Now apply this logic to film. It is a known fact that there are only about ten-ish stories, or plots, out there to tell. So if you take one of these plots and run with it as is, sure, you are going to get to your destination perfectly fine and within time, but your audience is going to be bored out of their minds. There is no conflict, no character, no personality—nothing that someone hasn’t seen before already, that is. On top of that, you are making the characters on those journeys less human, because they are simply following an invisible map with no other goals or ambitions in mind. Characters always want something and it's that want that drives them to make decisions that shape the world around them. So if that voice is ignored, then things become less believable and your characters more robotic.
For example, take Fire Emblem Fates: Revelations and how it treats recruiting Takumi and Ryoma. On Corrin's quest to unify her two families to stop the machinations of Anakos, she rescues her birth brother Takumi from enemy forces. Now up to this point, Takumi has been depicted as a brash, angry and distrustful man. One who would not accept Corrin's arrival as he thought she had already turned against her homeland. However, upon arrival and freeing him, Takumi joins Corrin’s cause, betraying what his character set up. As there is no decision on Takumi’s part, as he is more or less forced into joining his sister though divine intervention and not his own volition.
However, you can argue this one somewhat, Ryoma is another question. As Ryoma, a man who is so dedicated to his beliefs and his country that he would wage war on his own sister. Decides to just drop everything and join Corrin because he wants to make up for being weak. Now, this was never addressed before this moment: no character talks to Ryoma about his failures nor did Corrin do anything special to give Ryoma pause for thought. The plot simply dictated that Ryoma needed to join Corrin, so he conformed.
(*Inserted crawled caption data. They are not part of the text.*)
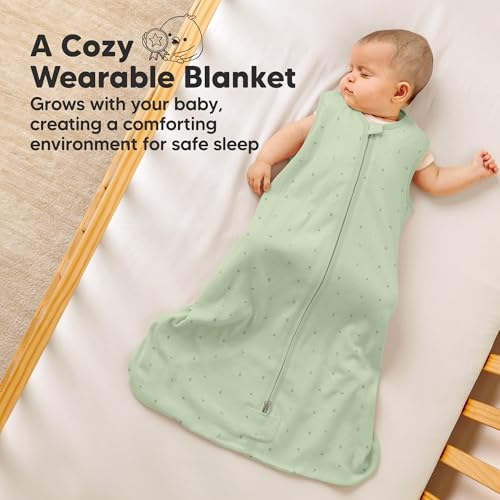2 Pack Baby Sleep Sacks (2 Count)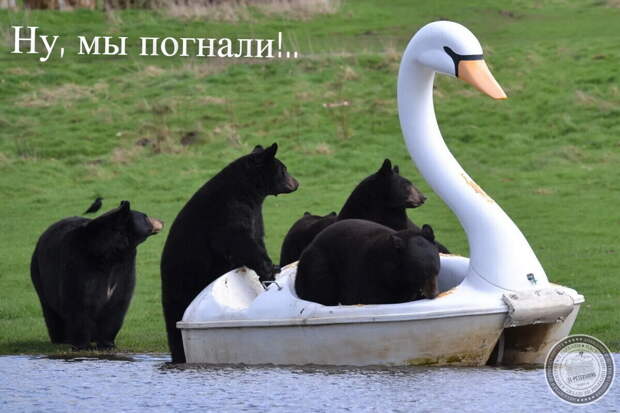 Ну, мы погнали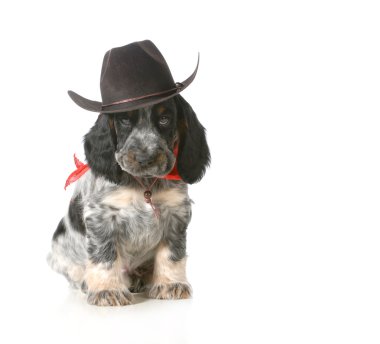 ülke köpek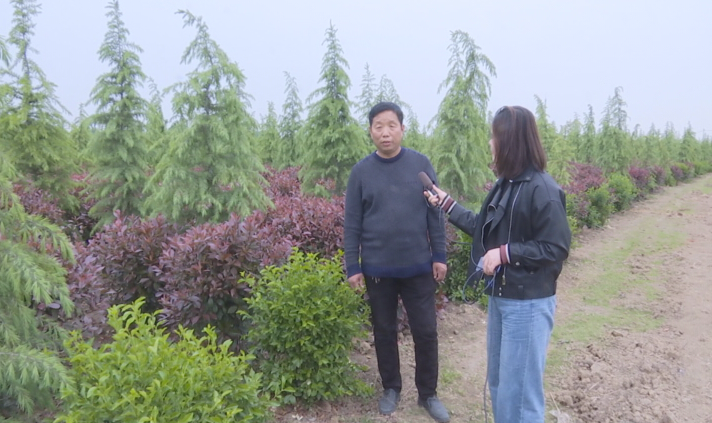 幫幫他吧！上蔡縣70畝紅葉石楠滯銷，種植戶發(fā)愁……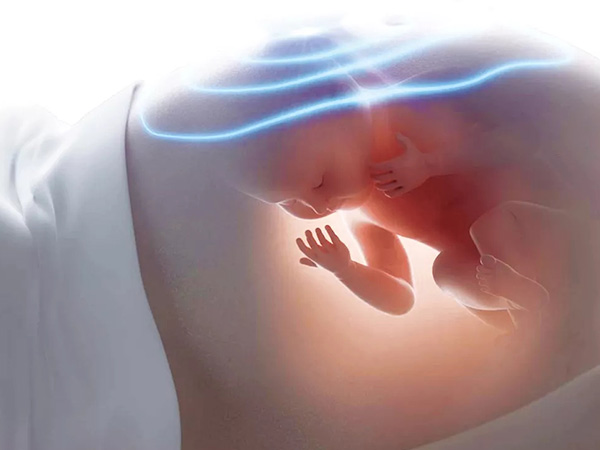 脐血流未见舒张期表示胎儿发育可能有问题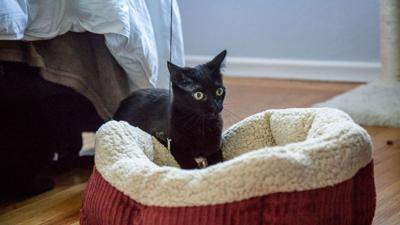 If your cat doesn't like the new bed or house, try using a calming spray to encourage relaxation around it.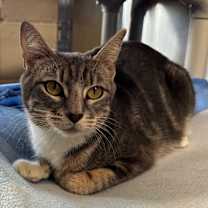 Thumbnail photo of Tammy #1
Rigidly adhering to a plot creates only an illusion of development, something magnified if done poorly in games. Video games have always been interactive media, allowing the player to dictate what happened in the game. This is player agency. So when designing a story for games, you must consider your player as a character within the story as well. Even in stories that don’t have things like dialogue trees or moral choice systems, if a player's actions in gameplay do not have an effect on the story or gameplay, then it is equally as frustrating as a film just following a plot. It removes the player's importance in the story and the world, making them just another indistinguishable part of the larger whole.
Now, this can work in some games: From Software did a great job within the Soulsborne series. However, even then, the player had an effect on the game and its world. They made decisions that may have run counter to the plot and the game adjusted and began telling a new story with these new desitions. A great example of this comes from one of the early Witcher quests in Witcher 3.
Early on, Geralt comes across a man who is looking for his lost wife who disappeared in the woods. Geralt goes looking for her and, long story short, turns out the man is a werewolf and his lover tricked him into murdering his wife. When the husband finds out about this, he is enraged, as he was going to try and make things better with his wife, and moves in to get revenge on his former lover. So now the player (and Geralt) have a choice: leave the cave and let the werewolf have his justice, or protect the lover and kill the werewolf. If you go with the former, then the wolfman will ask for death after the deed is done and you won't have to finish fighting him. However, defend the lover and Geralt will have to finish the werewolf off like normal.
These are meaningful choices, choices that reverberate throughout the mission or game that alter the path forward. Here the player has control over what happens in the story and this is possible with any kind of game, not just large RPGs. MegaMan X has a great sense of player agency in its story because it’s a story about getting stronger. So every power-up, armor piece, and boss weapon plays into the story and helps that sense of agency.
However, no matter the game, what is important is making the player feel like they are having an effect on the story at large. They cannot just be accessories to another non-player character or set dressing. If you're doing that, then why are we not playing as those people? Players should be in control of the characters affecting the greatest amount of change. Games should encourage this by respecting the player's decisions and working with them to tell a story where they are the center. If they do that, then the journey will be like nothing seen before.